AES256 Is Enabled but an Encryption Key Was Set in fs.s3a.server-side-encryption.key

You will see this error when the encryption mechanism is set to SSE-S3/AES-256 but the configuration also declares an encryption key. The error happens because user-supplied keys are not supported in SSE-S3. Remove the fs.s3a.server-side-encryption.key setting or switch to SSE-KMS encryption.

testEncryption(org.apache.hadoop.fs.s3a.ITestS3AEncryptionSSECBlockOutputStream)  Time elapsed: 0.103 sec  <<< ERROR!
java.io.IOException: AES256 is enabled but an encryption key was set in fs.s3a.server-side-encryption.key (key length = 44)
  at org.apache.hadoop.fs.s3a.S3AUtils.getEncryptionAlgorithm(S3AUtils.java:758)
  at org.apache.hadoop.fs.s3a.S3AFileSystem.initialize(S3AFileSystem.java:260)
  at org.apache.hadoop.fs.FileSystem.createFileSystem(FileSystem.java:3242)
  at org.apache.hadoop.fs.FileSystem.get(FileSystem.java:467)
  at org.apache.hadoop.fs.contract.AbstractBondedFSContract.init(AbstractBondedFSContract.java:72)
  at org.apache.hadoop.fs.contract.AbstractFSContractTestBase.setup(AbstractFSContractTestBase.java:177)
  at sun.reflect.NativeMethodAccessorImpl.invoke0(Native Method)
  at sun.reflect.NativeMethodAccessorImpl.invoke(NativeMethodAccessorImpl.java:62)
  at sun.reflect.DelegatingMethodAccessorImpl.invoke(DelegatingMethodAccessorImpl.java:43)
  at java.lang.reflect.Method.invoke(Method.java:498)
  at org.junit.runners.model.FrameworkMethod$1.runReflectiveCall(FrameworkMethod.java:47)
  at org.junit.internal.runners.model.ReflectiveCallable.run(ReflectiveCallable.java:12)
  at org.junit.runners.model.FrameworkMethod.invokeExplosively(FrameworkMethod.java:44)
  at org.junit.internal.runners.statements.RunBefores.evaluate(RunBefores.java:24)
  at org.junit.internal.runners.statements.RunAfters.evaluate(RunAfters.java:27)
  at org.junit.rules.TestWatcher$1.evaluate(TestWatcher.java:55)
  at org.junit.internal.runners.statements.FailOnTimeout$StatementThread.run(FailOnTimeout.java:74)

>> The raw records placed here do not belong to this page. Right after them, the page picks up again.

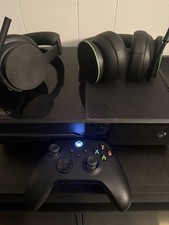 Microsoft Xbox One Console Bundle, controller, headsets Tested Working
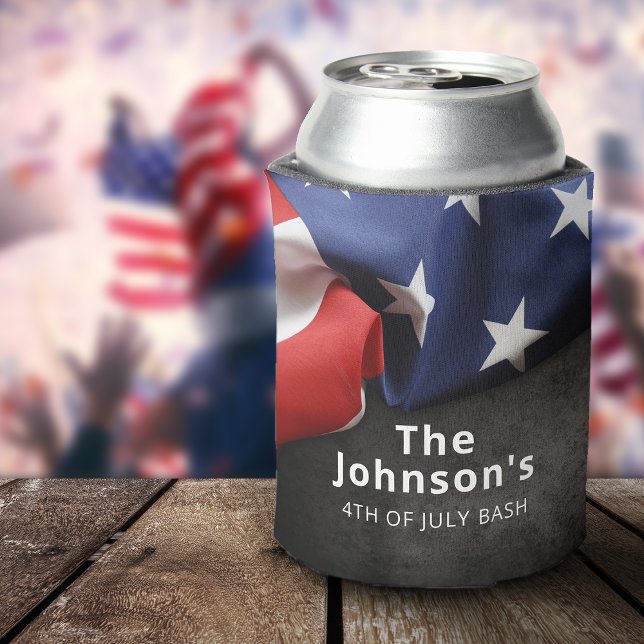 Enfriador De Latas Personalización de la bandera norteamericana plega (Patriotic Folded American Flag Personalized Can Cooler)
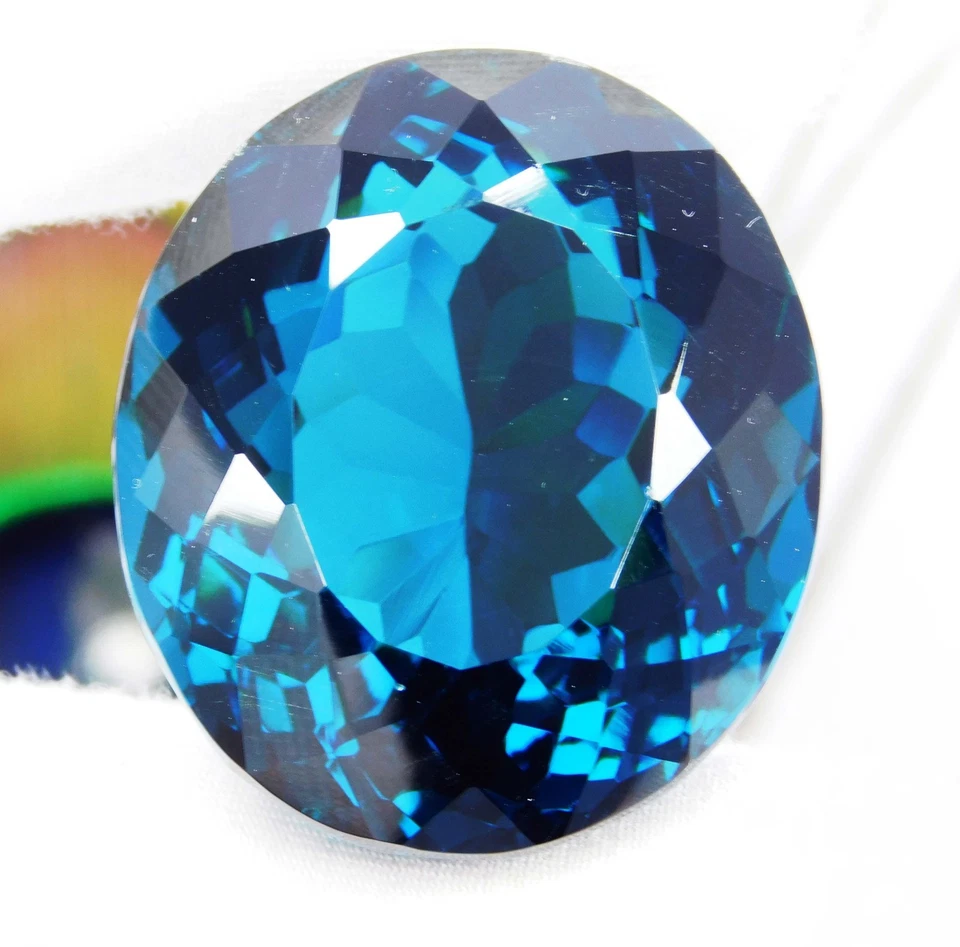 Piedra preciosa de corte ovalado granate tsavorita azul natural Kenia natural de 121,20 quilates certificada Foto 1 de 4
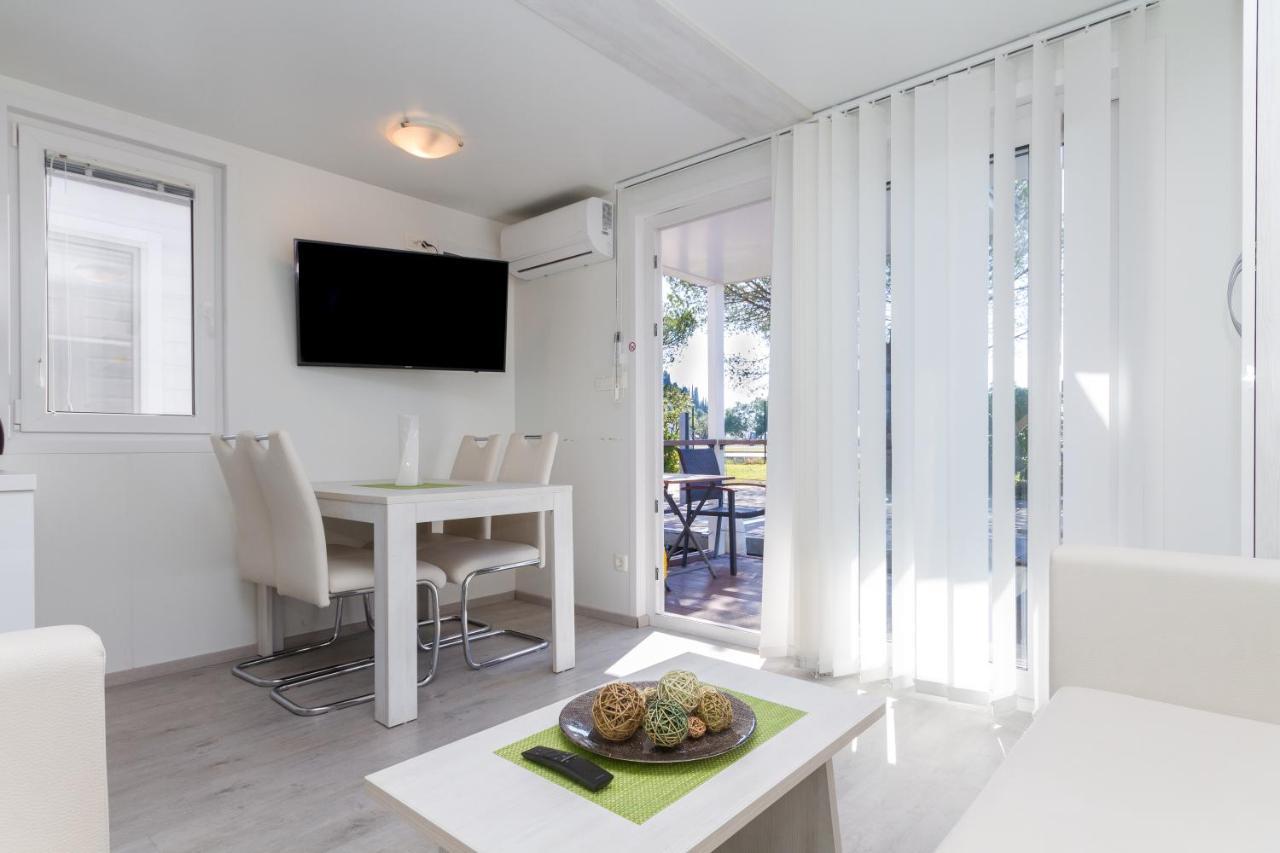 Bamboo Floating House Portoroz Apartment Bagian luar foto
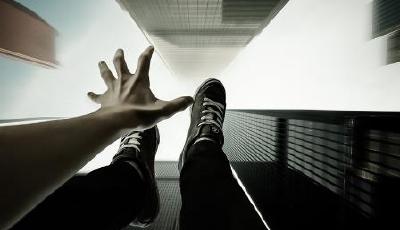 深圳青年男子證券公司墜樓 疑因炒股失敗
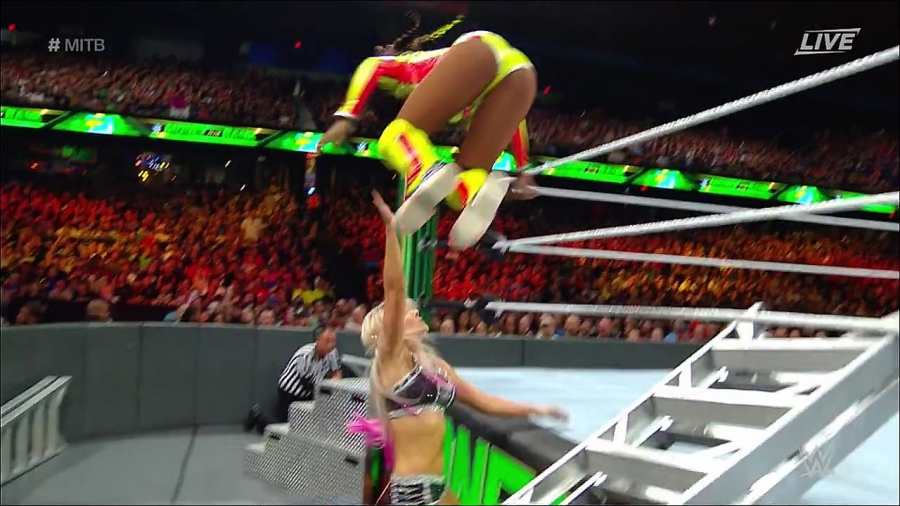 MITB2018_mp4_010262366.jpg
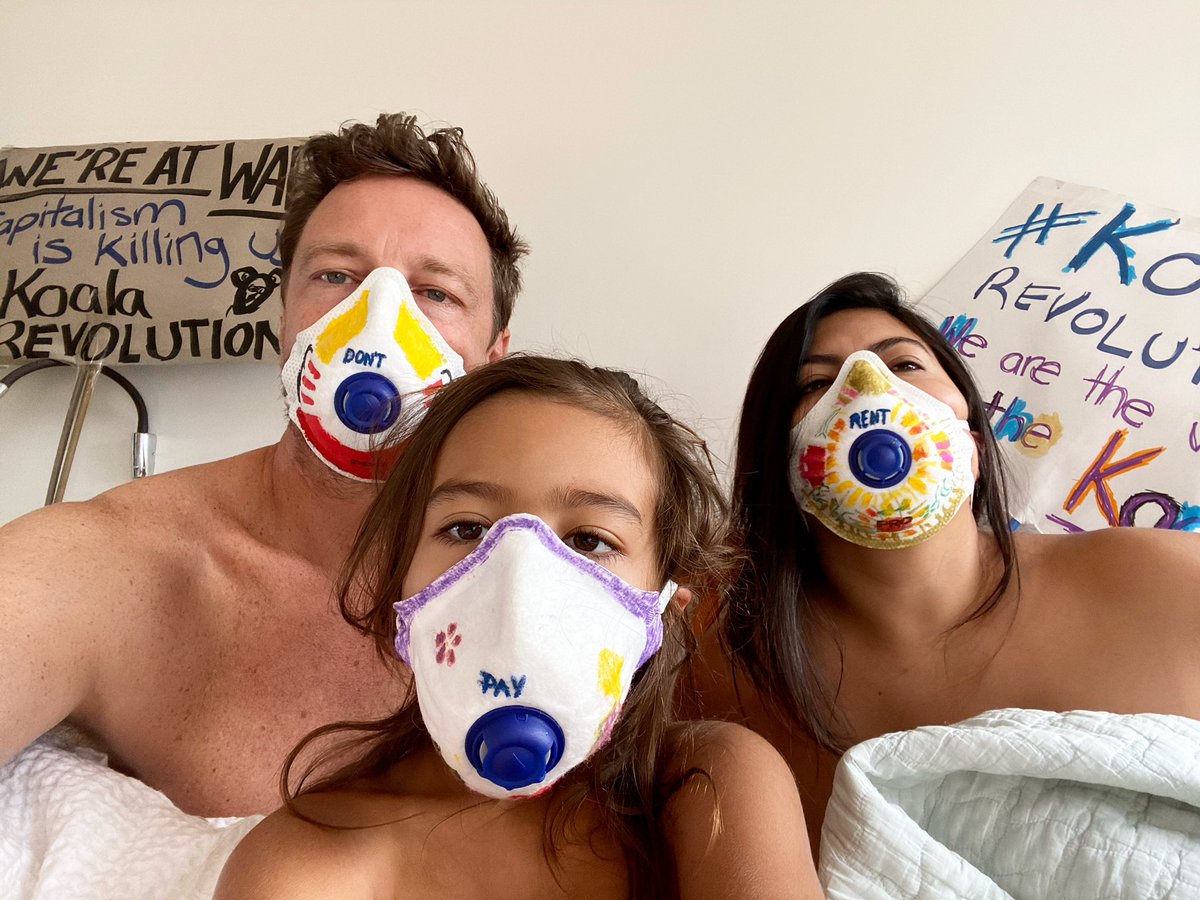 TheJaguaress's tweet photo. #RentInSydneyNo one should be left homeless during a pandemic. No jobs, No rent...they can’t evict us all. Don’t pay your rent or mortgage.
If Solomon Lew the owner of @justjeans isn’t paying rent, why should we?
#rentin #rentstrike #bedstrike #bedinsydney #covid_19 #auspol https://t.co/2aolf6TgST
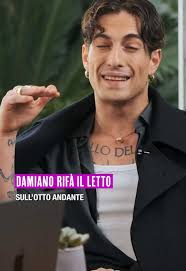 La casa di @Damiano David è in ordine quasi quanto quella di David Beckham.  🤯 La versione integrale di questa puntata di Supernova è disponibile su  YouTube, Spotify e tutte le piattaforme audio. Link ...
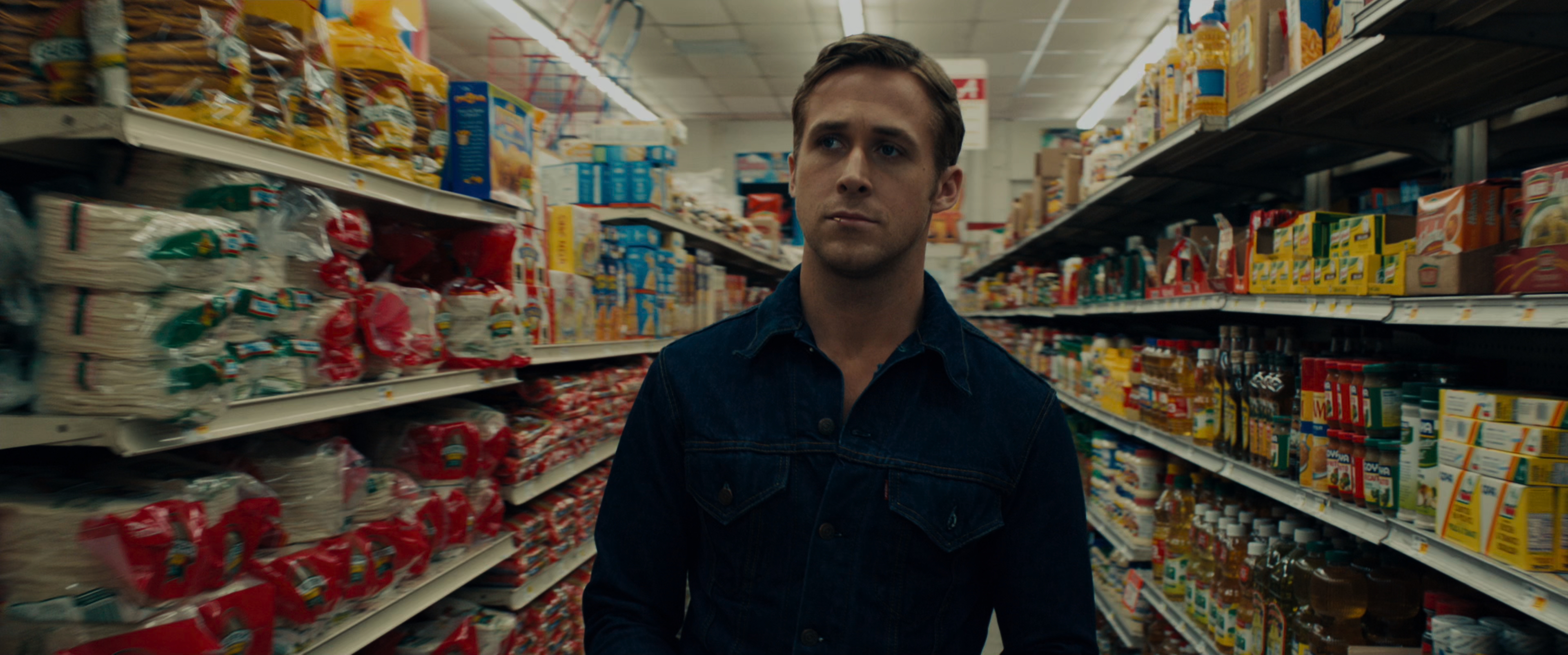 Драйв (Drive) 2011.mkv_snapshot_00.15.40.940.jpg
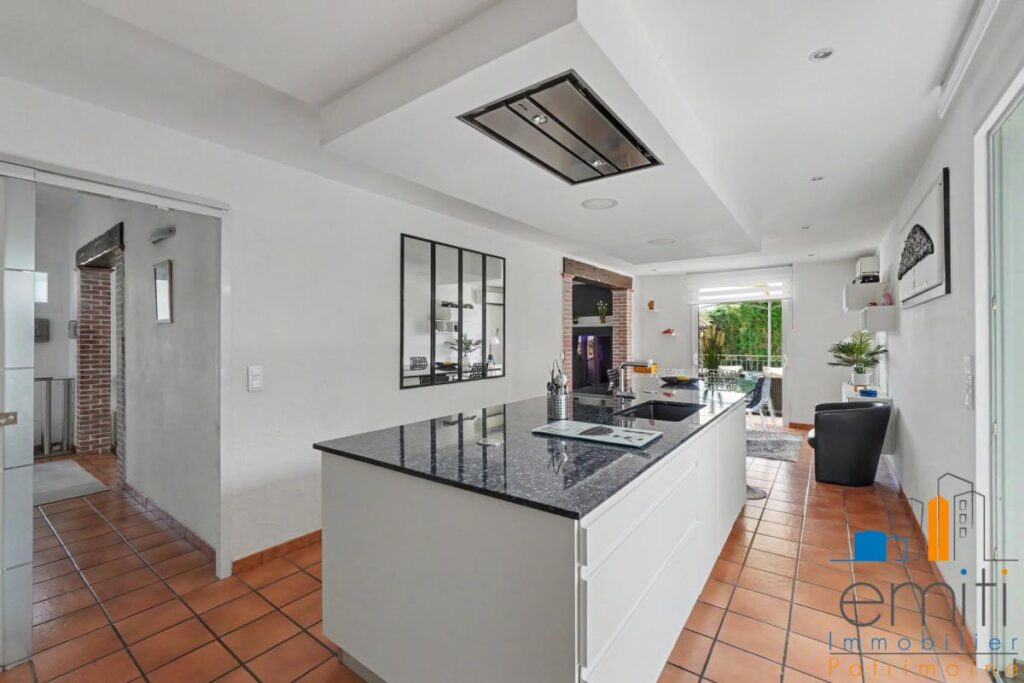 Maison – 6 pièces – 4 chambres – 186 m²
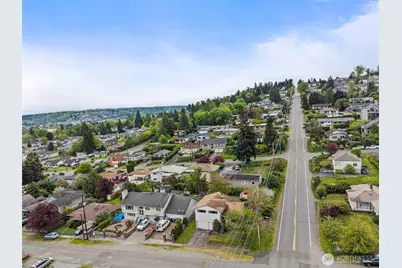 8403 S 120th St, Seattle, WA 98178 - Photo 29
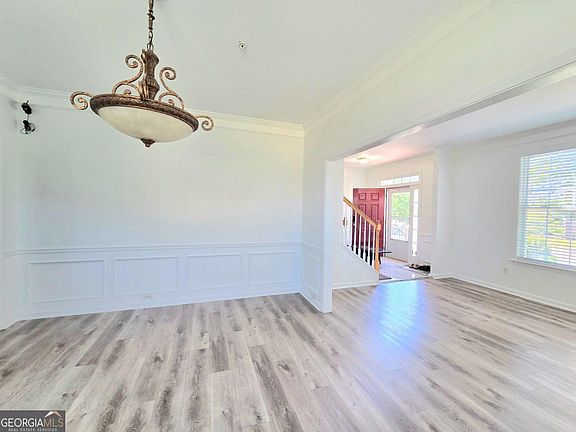 5th image of 1140 Foxcroft Dr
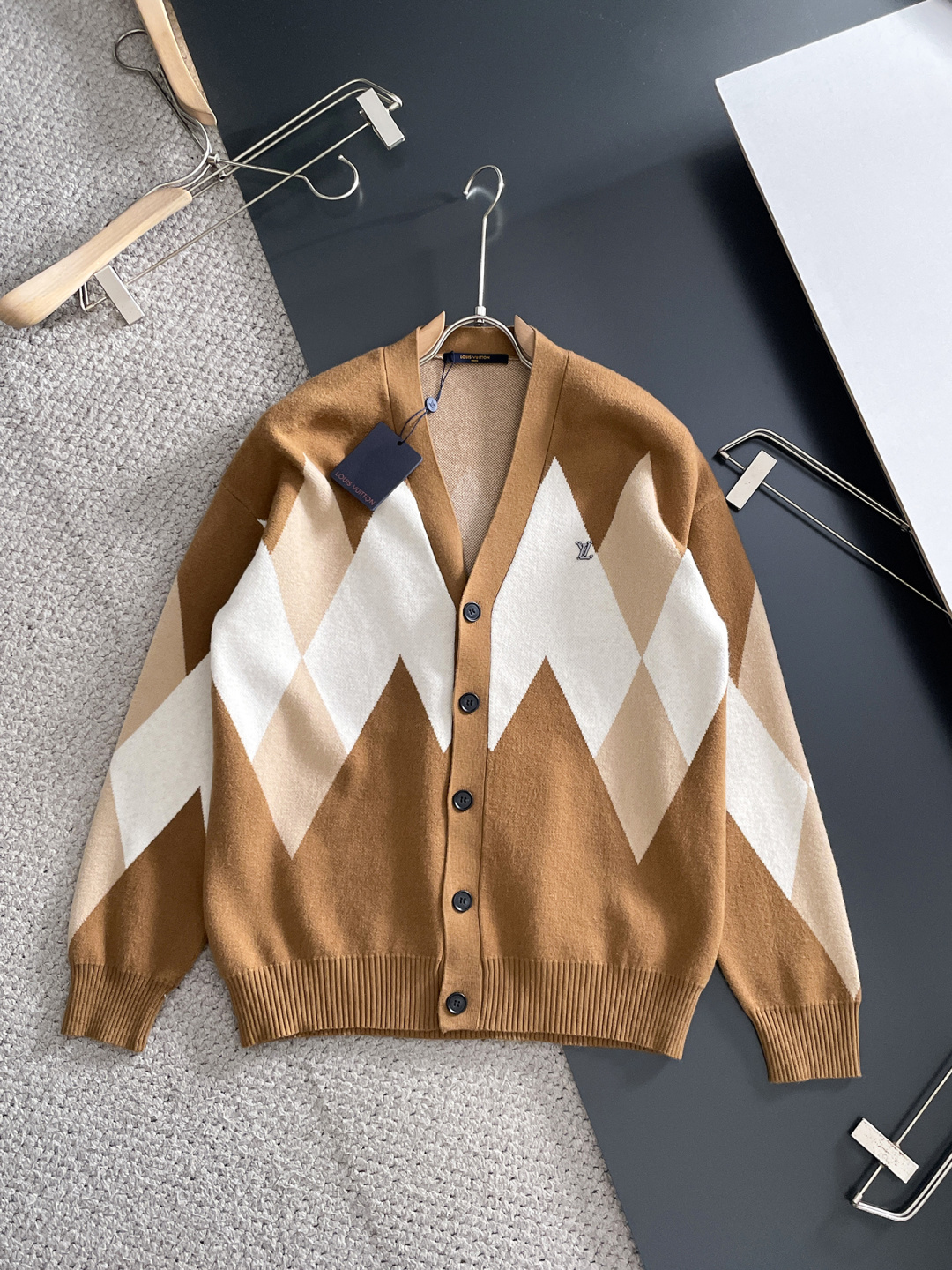 NO:736665,LV  The 2026 New Year's new men's wool sweater is a popular item on sale at the counter. Every major fashion buyer and star has a versatile item. Simple and fashionable, it looks good, and the upper body is full of gentleman's style. The whole sweater is not only exquisite in texture, but also fine in wiring.  The work is uniform and neat. The overall beautiful appearance ensures that the silhouette of the clothes is not easy to deform. The customized wool fabric is neither very loose nor very tight, and has very good recovery properties. A fashion item that is both cold-resistant and fashionable in autumn and winter. M-3XL, Louis  vuitton,sweaters,19860909LV 2026新春新款男士羊毛针织衫,专柜在售爆款单品,各大时尚买手明星人手一件的百搭单品.简单时尚甚是好看,上身绅士范十足.整件毛衣不单纹理工艺精美,走线更是精工细作均匀整齐.整体美观大方保证了衣服的廓形不易变形.定制羊毛面料,既不会很宽松也不会很紧绷,恢复性非常好.秋冬御寒与时尚兼备的一款时装单品.M-3XL,,louis vuitton,sweaters,,Men's clothing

Unknown Server Side Encryption Algorithm SSE_C

This error means that the algorithm is unknown or mistyped; here "SSE_C" was used rather than "SSE-C":

java.io.IOException: Unknown Server Side Encryption algorithm SSE_C
  at org.apache.hadoop.fs.s3a.S3AEncryptionMethods.getMethod(S3AEncryptionMethods.java:67)
  at org.apache.hadoop.fs.s3a.S3AUtils.getSSEncryptionAlgorithm(S3AUtils.java:760)

Make sure to enter the correct algorithm name.